The Friends feel the project will have a detrimental effect on water quality. They’re also concerned about impact to several native species with habitats in the area, including birds, ducks, fish, deer and the endangered Blanding’s turtle.
Usher said concessions had been made to ensure wetlands and any native species are unaffected. There will be a minimum 30 metre setback from the water, wetlands and a manmade pond. Wilson has dropped plans to install a dock on Grass Lake and has committed to planting more than 200 trees.
Leora Berman, COO of The Land Between and Turtle Guardians charities, was one of 23 registered speakers.
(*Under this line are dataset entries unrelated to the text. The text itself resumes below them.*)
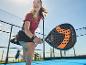 Vrouw speelt padel, met een zwart-oranje padelracket.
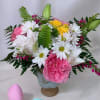Pink and white flower arrangement with daisies and roses in a vase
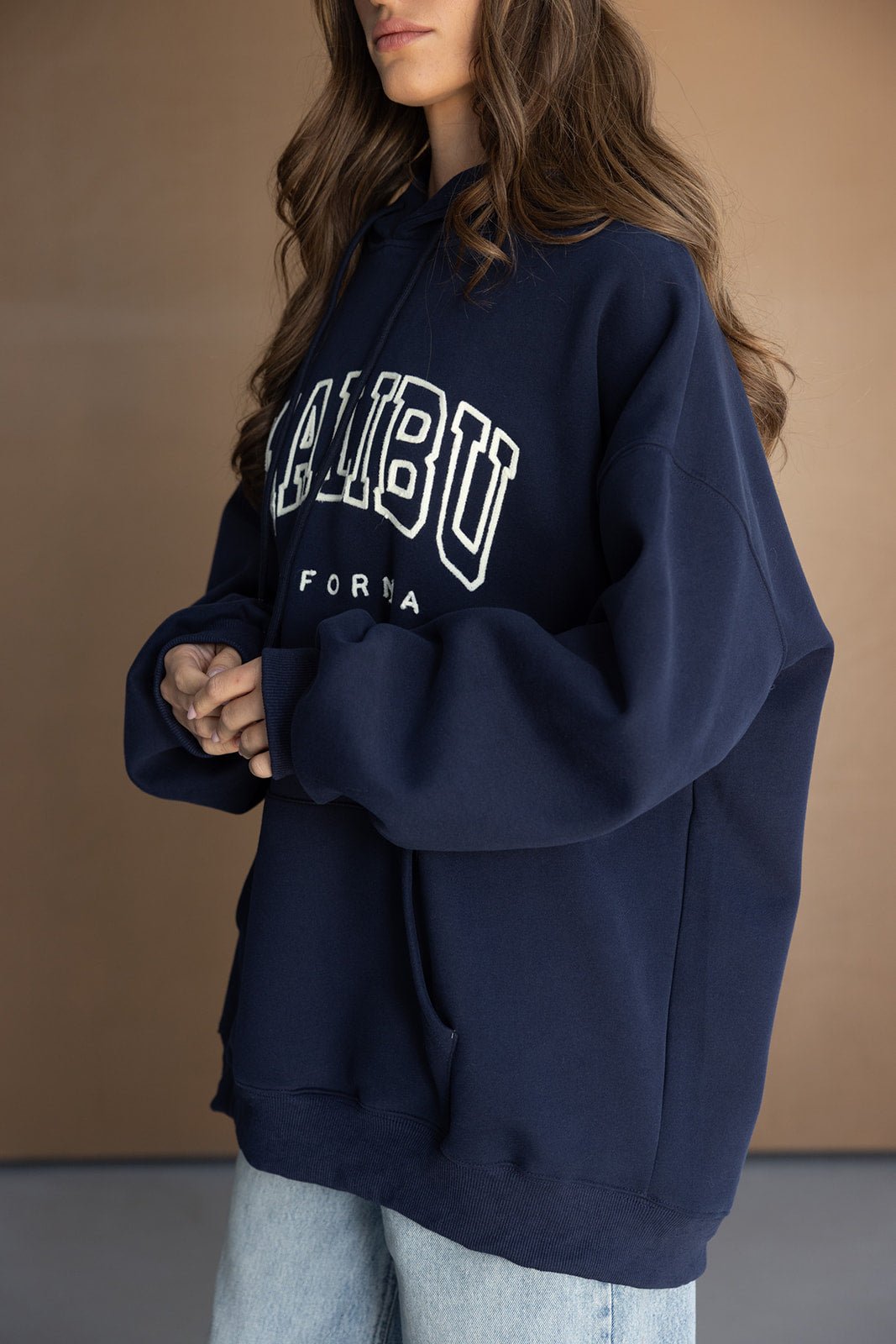 אישה לובשת קפוצ'ון אוברסייז כחול כהה עם כיתוב 'Malibu' ומכנסי ג'ינס בהירים, אופנת רחוב לנשים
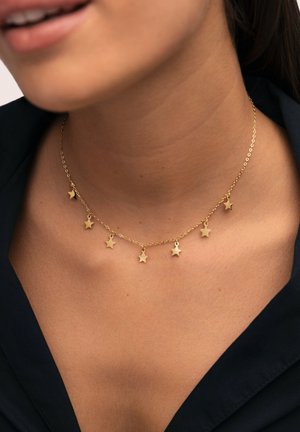 Collar con colgante de estrella dorada y una cadena delicada, con pequeños colgantes en forma de estrella, espaciados uniformemente, llevado sobre una tela oscura.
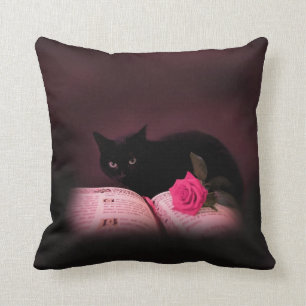 Almofada gato preto com o travesseiro do livro e do rosa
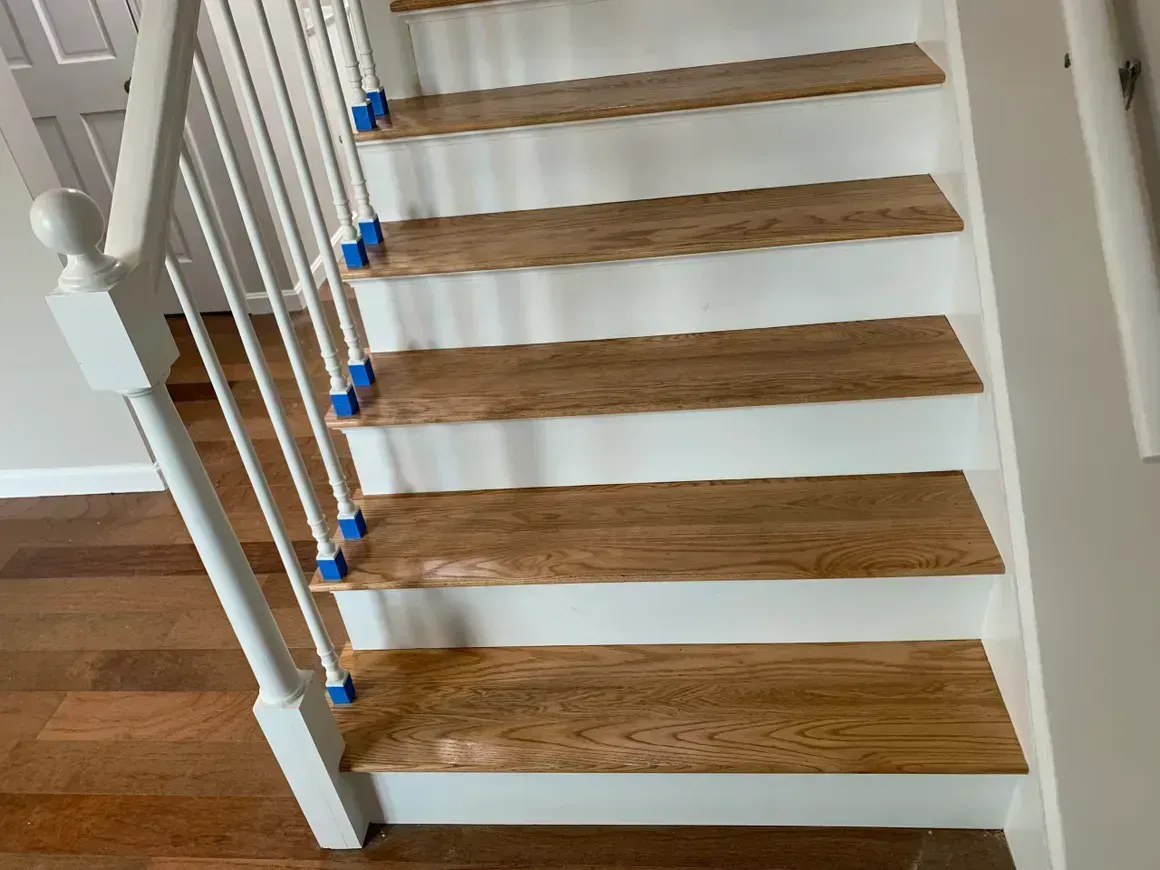 Wooden staircase with white risers and railing, blue tape on steps.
She said the project could have a “catastrophic” impact on fish population.
“Lake Kashagawigamog and Grass Lake represent the largest walleye fishery in Haliburton. The Grass Lake wetland is noted as a significant spawning area for this impressive fishery. We need housing for the working poor, but the only choice presented is one that may result in the unintended deterioration of a significant resource,” Berman said.
Dr. Aimee Filion, owner of Haliburton Veterinary Services, is worried further development on Peninsula Road will negatively impact her well water. She claimed when crews were doing a hydrogeological study this year, testing saw water “coming out the tap with the consistency of mud” at her business. She said it happened for several days, but it cleared up once workers left.
“I respect people have a right to try and develop property, but I do not feel it should impact neighbours,” Filion said. “I service thousands of animals every year. I cannot do that without running water.”
Usher said he and Wilson are willing to meet with Filion to come up with a solution.
‘Backroom deal’ claim
Don Ross, of the Friends of Grass Lake, suggested council had already made up its mind, accusing some members, including mayor Andrea Roberts, of having concocted a “backroom deal” to push the development through.
Roberts said she was “speechless” at the insinuation. “Nothing in planning is a done deal. There is no such thing as a backroom deal. Not here in Dysart, not ever. Not under my watch. This isn’t ‘us against them’. We’re not [a] council against the town. We all live here, we all care about our community and want the best thing [for it],” Roberts said.
Wilson said he had been subjected to “vicious” personal attacks over his plans. He said he has offered to sit down with the Friends to try to find common ground and compromise, but that hasn’t happened.
“I’ve been called greedy, but that’s so far from the truth. I like to think I’m a community-minded person. I’ve read all the stories in the paper about the problems our community is having with housing, the problem Places for People has been having. I thought this would be a great opportunity for me to contribute to my community. This isn’t about the money. This is my way of giving back to Haliburton.”